A esmagadora maioria dos peixes brasileiros criados em aquário é capturada com autorização do IBAMA. O tráfico de peixes é, com ressalva para algumas poucas espécies, lícito no Brasil.

 

Milhares de peixes morrem, no fluxo da região amazônica para o mercado consumidor. E morrem nos aquários, por choque de PH, excesso de amônia, falta de alimentos vivos, etc. A proporção final não é de um em cada 10 (como se alega para o tráfico de aves), mas 100 em cada 100.

 

O Neon Cardinal não é criado Brasil. 100% capturados. 100% morrem sem reprodução. São 100% reproduzidos na Tailândia. Detalhe é que o leito das hidrovias amazônicas – quem já viu sabe o que eu falo – é forrado de plástico. Resumo: Captura lícita e pressão por poluição, igual à extinção.

 

Se tiver algum técnico do IBAMA lendo este post, responda com integridade e consciência: Qual a razão dos dois pesos e duas medidas? Aquarismo é confinamento. Baby beef é confinamento. Frango de granja, peru Sadia, Kobe beef do Rubayat em São Paulo, tanques rede, etc.

 

Cachorro em apartamento não é confinamento? Colocar um cão pastor para ser pet não é absurdo? O São Bernardo não foi selecionado geneticamente para os Alpes da Suíça? Como é possível criá-lo no Brasil.

 

E o Cão D'Água Português, que foi selecionado geneticamente para ajudar na pesca, lá na terrinha? Talvez, no apartamento, ele possa pescar peixes em aquários bem grandes, onde nós licitamente possamos colocar um pirarucu, um aruanã e outras jóias dos rios brasileiros. Um confinado se desestressando com outros confinados. De resto, essa visão de que PETs são apenas os europeus, é estória para inglês ver.

 

Nos EUA há criação de skunks – para nós seria o cangambá ou jaratataca – animal selvagem que foi domesticado e, do preto e branco selvagem, selecionado para branco, ágata, cinza, azul, etc. Animal ultra dócil.

 

Nos EUA há a criação de ferrets. Nosso furão (Galictis cuja, por exemplo), nem pensar. Nos EUA é criado o Vison ou American Mink. Criado confinado e abatido para produzir pele.

 

Absurdo não é?
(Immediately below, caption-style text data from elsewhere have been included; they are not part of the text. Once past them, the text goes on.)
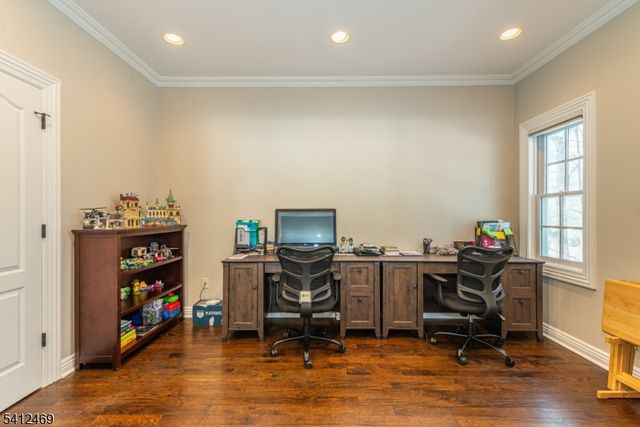 36 Sandy Hill Rd, Chatham Twp., NJ 07928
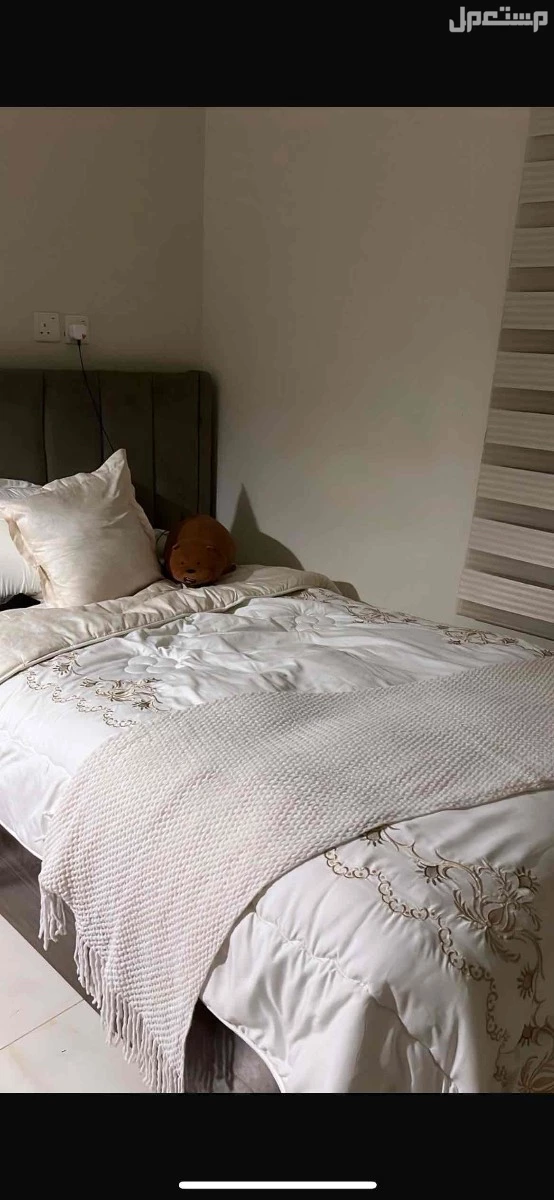 سرير للبيع استخدام نظيف  بسعر 400 السعر قابل للمفاوضه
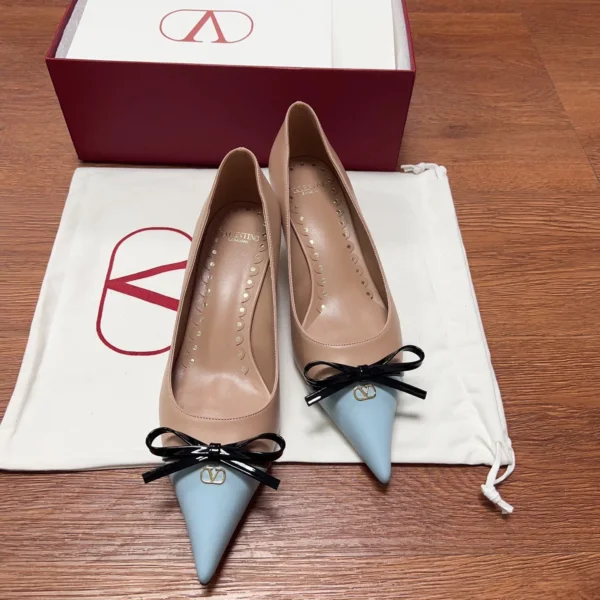 Valentino Women Beige And Light Blue Leather Pumps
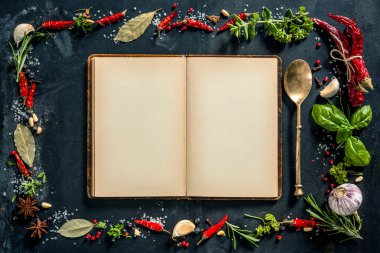 Otlar ve baharatlar ile bir tarif kitabı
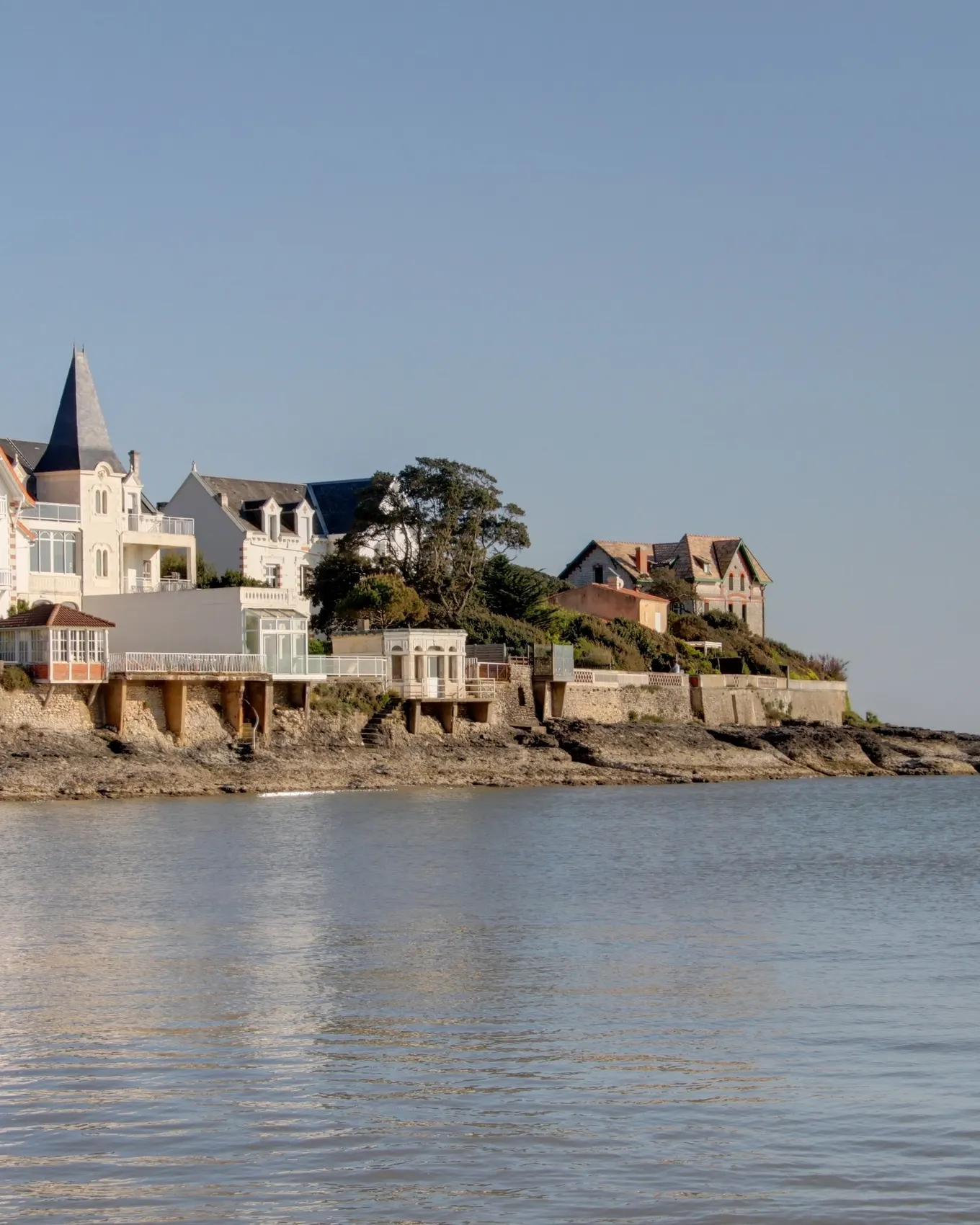 Les villas Belle Époque de Royan au bord de l’eau, leurs toits rouges et leurs tourelles au-dessus des rochers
Mas com o boi a gente faz pior, porque castra antes de dar fim nele.

 

E assim vai... Nenhum desses animais é um PET por natureza!

 

O boi europeu descende do Auroque, o gato doméstico descende do gato dos juncos do Egito (e do lince europeu, do lince americano Bobcat, etc.). O cachorro descende do lobo; a ovelha descende de um selvagem também. A galinha do Bankiva, e assim vai... 

 

Só que nós temos 500 e poucos anos de história. Não pudemos extinguir o que os europeus extinguiram. Não podemos domesticar o que eles domesticaram? São uns 10.000 anos contra 500. 

 

Eu tomei a decisão solene de dar seguimento à ironia fina do Fuji, se bem que eu não consiga. Vou criar apenas animais oriundos de Marte.

 

Eu tenho uma sugestão:

Discutir o tema na AMAGIS. Nos congressos da AMAGIS. Não sobre os animais de Marte (a ironia não é para o Sr., é para algum menos avisado das ONGs alienígenas que temos), mas sobre direitos do cidadão sobre animais integrantes da fauna: o direito de domesticação.